Fragment shader is executed upon fragment. This is important. When pixel is about to be drawn to framebuffer, fragment shader gets executed. It gets interpolated vertex texture coordinates, color, fog coordinate and textures. It's task is to calculate output pixel color. Fragment shader may also calculate depth (what is going to be written to depth-buffer), but doesn't have to do so - in that case interpolated vertex depth value is automatically used.

Shaders are in OpenGL accessed using shader objects. Each shader object has associated id (similar to texture id), can be bound (as texture). Shader object with id 0 represents the fixed-function pipeline. Shader object can be composed of one or more stages, either sole vertex shader, sole fragment shader or cooperating vertex and fragment shaders.

ÜberLame offers CGL_ARB_program, CGL_ARB_shader and CGL_Core_shader classes, covering low-level shader functionality. Then there's TGLShaderInfo and CGLShaderObject for greater convenience (second layer shader system).

Hardcore GPGPU

In the past, branching instructions (if) were expensive on GPU's. Some branching can be avoided by proper arranging of output data so branch condition can be represented visually as well-representable area of output texture. Then, instead of fullscreen quad, proper geometry is used so the branching condition is constant over geometric primitives.

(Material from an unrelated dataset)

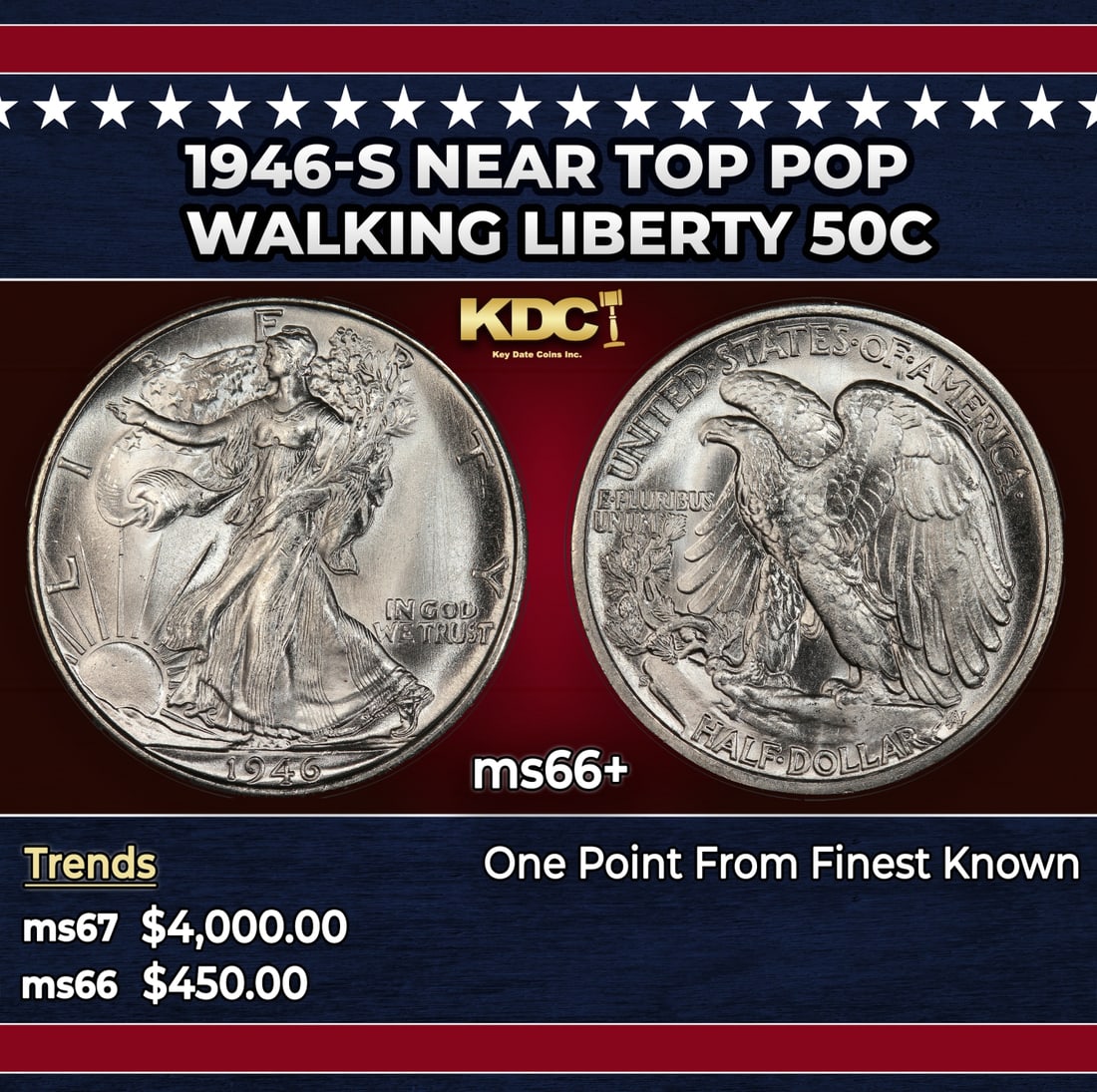 1946-s Walking Liberty Half Dollar Near Top Pop 50c ms66+ SEGS: 1946-s Near Top Pop Walking Liberty Half Dollar 50c ms66+ SEGS. Historic precious metal trends is causing increased spot pricing by the day. On auctions with set openings, we are doing our best to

Consider, for example, simple decission wheter output pixel is on the edge of output image. It can be written as:

if(x == 0 || x == w - 1 || y == 0 || y == h - 1) {
    // border
} else {
    // inside
}

But that brings condition (if) to our shader. But output image edge is well-representable area of output texture. We will have two shaders, one with the 'border' branch and the other with 'inside' branch. We use one pixel smaller fullscreen quad for 'inside' shader and four lines along the edges for 'border' shader. Branching is gone.

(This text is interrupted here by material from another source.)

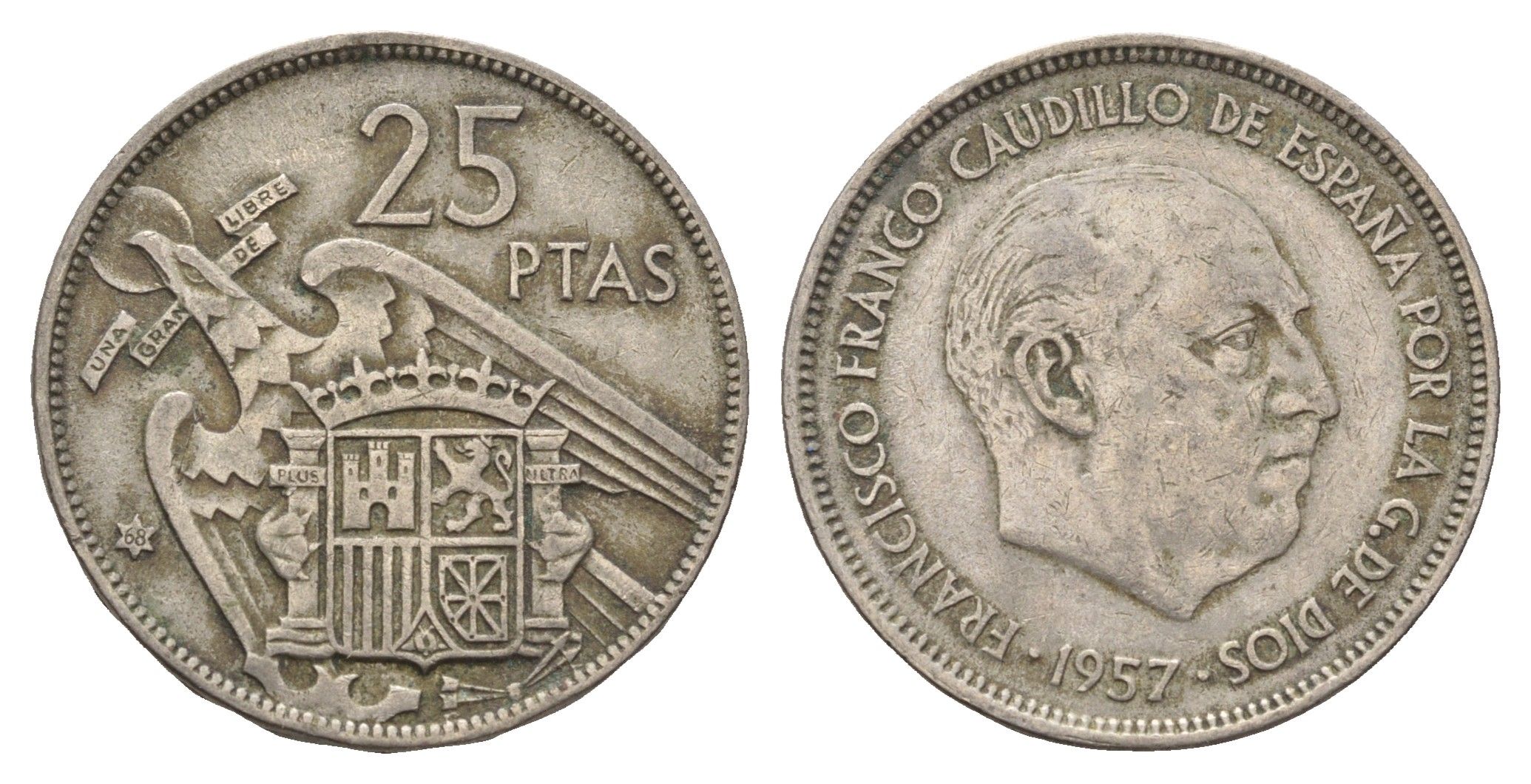 Испания 25 песет 1957 (68) Франсиско Франко (1939 - 1975) KM 787 медно-никель 4633-1053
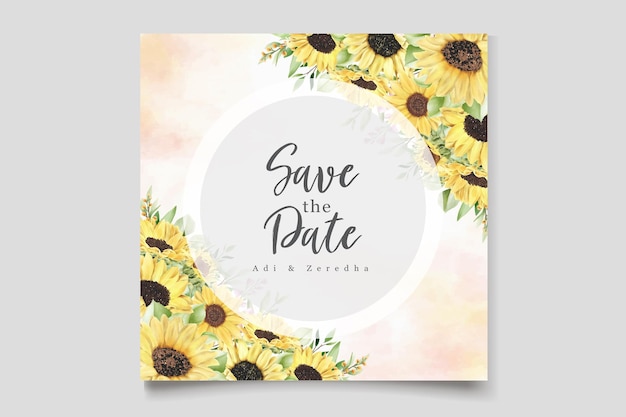 Free vector hand drawn watercolor sun flower background card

Also, some algorithms are iterative. Output of one pass is input to the following pass. This requires two textures, one acting as input, other as output and alternating them. This is very common and is called ping-ponging.

ÜberLame demo 2

You might wonder why demo no. 2 is first. It has been written later, because the first demo is a little bit more complicated. Demo 2 is just 250 lines of code, including some comments.

Demo 2 demonstrates the quadratic equation solver. It creates equations from a simple raytracing problem - ray sphere intersection. So the demo displays results of those quadratic equations, near intersection in red channel, far intersection in blue channel and the 'solvable' flag in green / alpha channel.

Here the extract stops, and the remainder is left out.